The terrible addition of baked beans is I think known as the Torremelinos effect. The FEBs eaten by brits holidaying in spain are a mutation. I hear some people there consider a burger a welcome addition too

S

Posted (edited)
The last time I ate breafast in Ireland there was also red pudding on offer, no idea what this is.

I think you're referring to the rather erroneously titled "Vegetable Roll", which is a mixture of beef sausage meat (brisket), vegetables (onions, carrots and leeks) and about 15 kilos of salt and white pepper.

Edited by the queneau (log)

irony doesn't mean "kinda like iron".

Posted (edited)
The last time I ate breafast in Ireland there was also red pudding on offer, no idea what this is.

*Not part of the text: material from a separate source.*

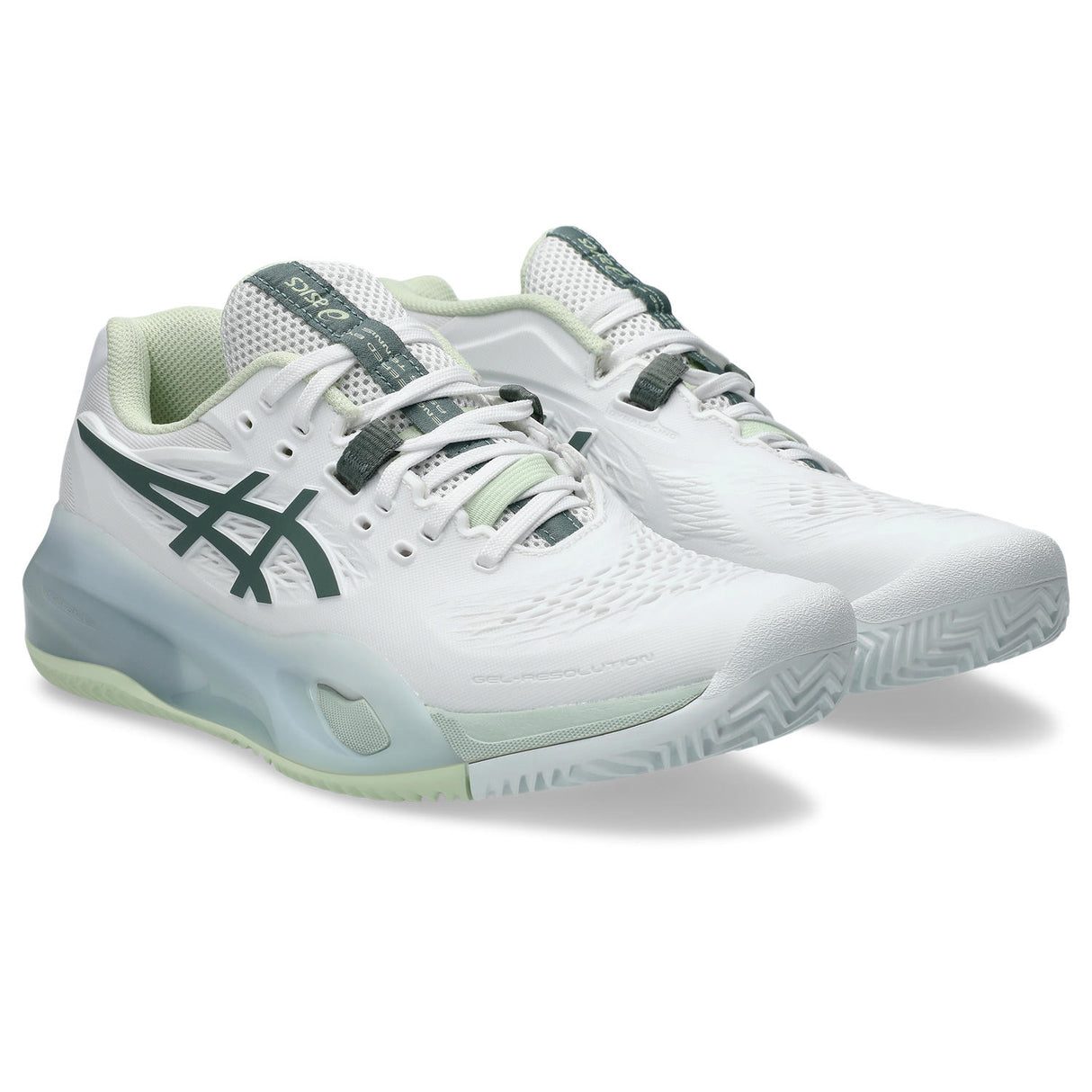 Asics Gel Resolution X Clay Tennisschuh für Damen, Weiß-Grün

I think you're referring to the rather erroneously titled "Vegetable Roll", which is a mixture of beef sausage meat (brisket), vegetables (onions, carrots and leeks) and about 15 kilos of salt and white pepper.

Very strange. I've never seen or heard of such a thing. No loss, by the sound of things.

It did cross my mind that if you're doing an Irish breakfast and a fan of James Joyce, kidneys have got to feature...

ETA: Something just struck me -- you may not be aware that in Celtic Tiger Ireland, where nobody has time for a sit-down breakfast any more, the Jumbo Breakfast Roll is now ubiquitous in filling stations throughout the land. I'm almost loathe to post this as it makes me vaguely embarrassed to be Irish, but this might give a good indication of what a "real" breakfast is like over here:

Edited by Simon_S (log)
Posted (edited)
The last time I ate breafast in Ireland there was also red pudding on offer, no idea what this is.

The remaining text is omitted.